» **Records provided**:
+++

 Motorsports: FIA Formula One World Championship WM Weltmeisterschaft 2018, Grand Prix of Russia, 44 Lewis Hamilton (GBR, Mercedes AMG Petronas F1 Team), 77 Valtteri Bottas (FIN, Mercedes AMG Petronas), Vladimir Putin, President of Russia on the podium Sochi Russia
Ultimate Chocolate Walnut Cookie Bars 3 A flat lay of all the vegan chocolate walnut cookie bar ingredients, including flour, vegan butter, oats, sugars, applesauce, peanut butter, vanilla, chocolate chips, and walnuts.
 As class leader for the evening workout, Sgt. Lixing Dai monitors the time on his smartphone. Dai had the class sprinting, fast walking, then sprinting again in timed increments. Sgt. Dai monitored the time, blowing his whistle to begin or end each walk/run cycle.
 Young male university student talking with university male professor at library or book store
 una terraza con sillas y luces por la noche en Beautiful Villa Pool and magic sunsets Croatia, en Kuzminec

+++

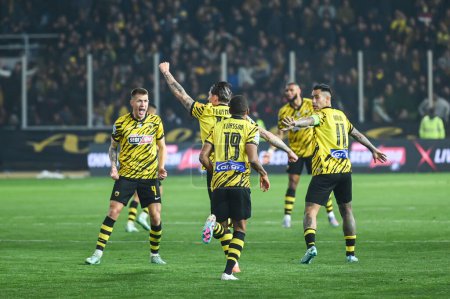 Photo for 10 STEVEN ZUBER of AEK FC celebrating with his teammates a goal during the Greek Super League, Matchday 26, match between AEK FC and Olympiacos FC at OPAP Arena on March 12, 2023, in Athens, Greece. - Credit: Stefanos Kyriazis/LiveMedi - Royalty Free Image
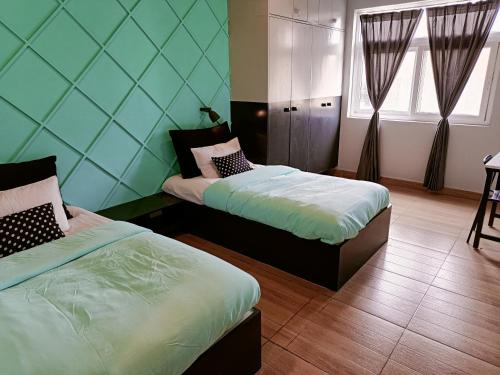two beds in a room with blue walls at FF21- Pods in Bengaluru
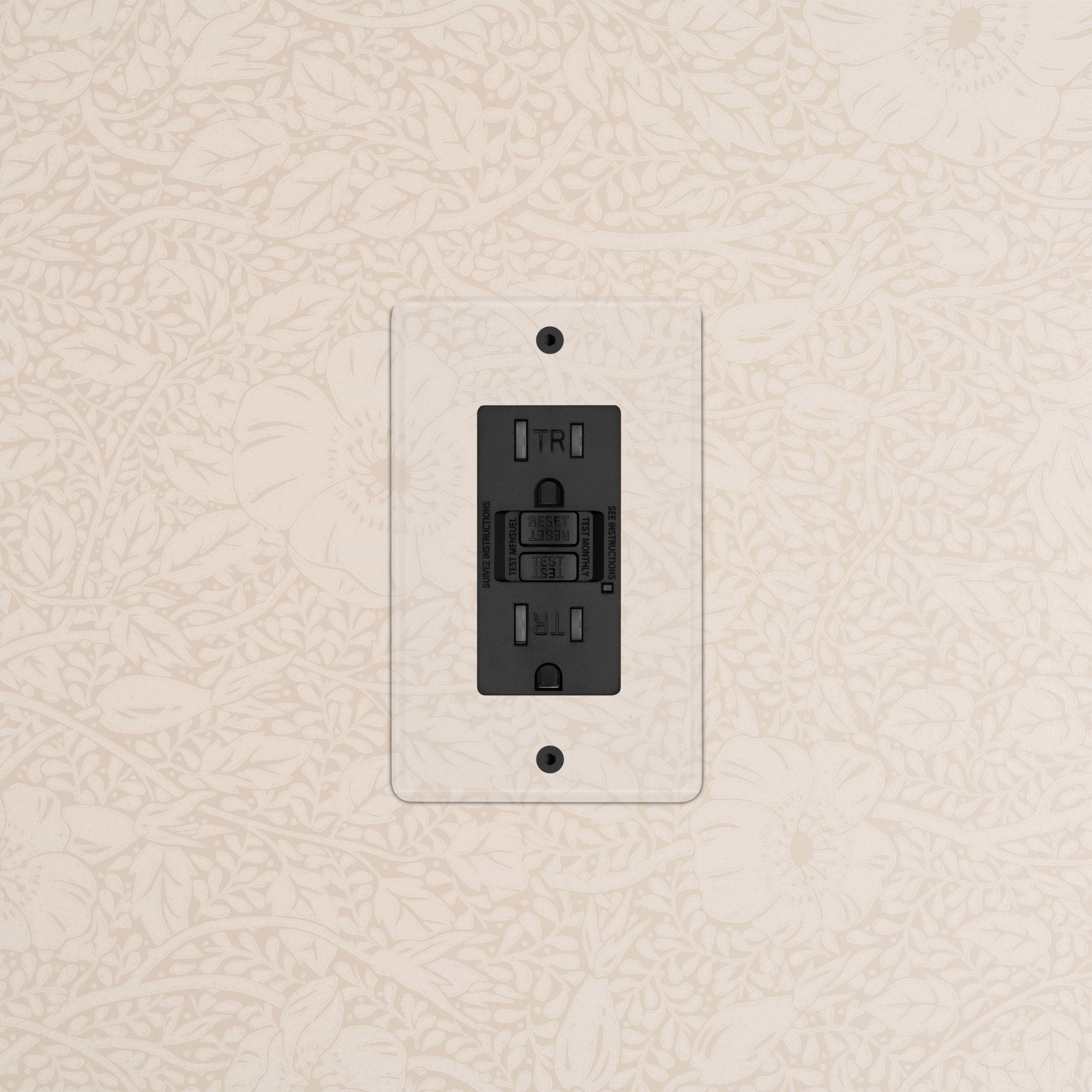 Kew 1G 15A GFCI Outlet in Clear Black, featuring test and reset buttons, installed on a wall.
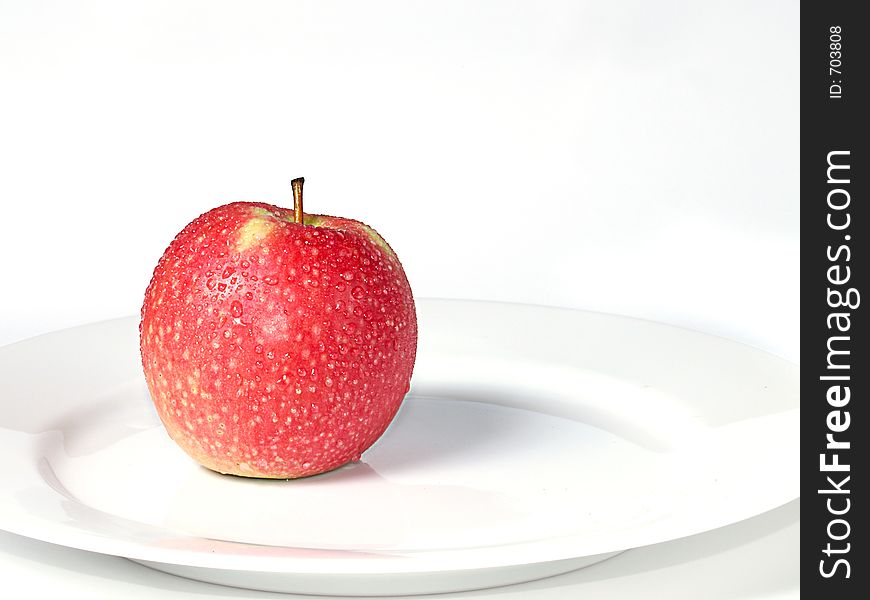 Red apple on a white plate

+++

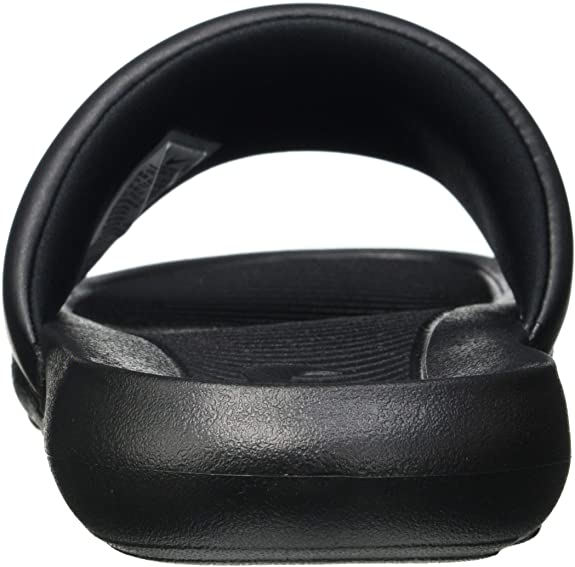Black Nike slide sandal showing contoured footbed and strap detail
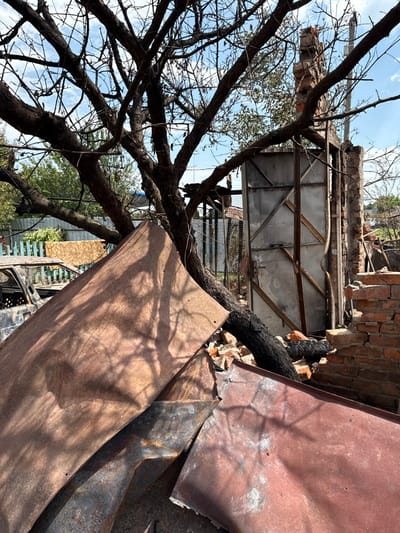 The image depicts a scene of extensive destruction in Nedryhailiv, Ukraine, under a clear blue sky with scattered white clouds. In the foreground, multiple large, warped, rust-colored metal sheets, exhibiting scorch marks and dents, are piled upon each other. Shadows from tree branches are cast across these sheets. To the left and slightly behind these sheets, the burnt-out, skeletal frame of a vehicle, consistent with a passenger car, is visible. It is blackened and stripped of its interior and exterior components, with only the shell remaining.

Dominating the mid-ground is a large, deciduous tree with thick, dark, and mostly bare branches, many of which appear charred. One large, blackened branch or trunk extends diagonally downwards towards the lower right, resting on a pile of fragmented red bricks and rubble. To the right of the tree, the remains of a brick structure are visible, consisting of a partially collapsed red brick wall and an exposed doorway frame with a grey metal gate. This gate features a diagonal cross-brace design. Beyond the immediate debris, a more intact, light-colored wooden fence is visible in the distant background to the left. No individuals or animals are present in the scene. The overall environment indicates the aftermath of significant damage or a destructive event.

+++

» **Problem to work on**: Taking the line with "Ultimate Chocolate Walnut" as the first and the line with "una terraza con" as the last, retype that stretch of the data above exactly, with no other lines.

» **Task output**:
Ultimate Chocolate Walnut Cookie Bars 3 A flat lay of all the vegan chocolate walnut cookie bar ingredients, including flour, vegan butter, oats, sugars, applesauce, peanut butter, vanilla, chocolate chips, and walnuts.
 As class leader for the evening workout, Sgt. Lixing Dai monitors the time on his smartphone. Dai had the class sprinting, fast walking, then sprinting again in timed increments. Sgt. Dai monitored the time, blowing his whistle to begin or end each walk/run cycle.
 Young male university student talking with university male professor at library or book store
 una terraza con sillas y luces por la noche en Beautiful Villa Pool and magic sunsets Croatia, en Kuzminec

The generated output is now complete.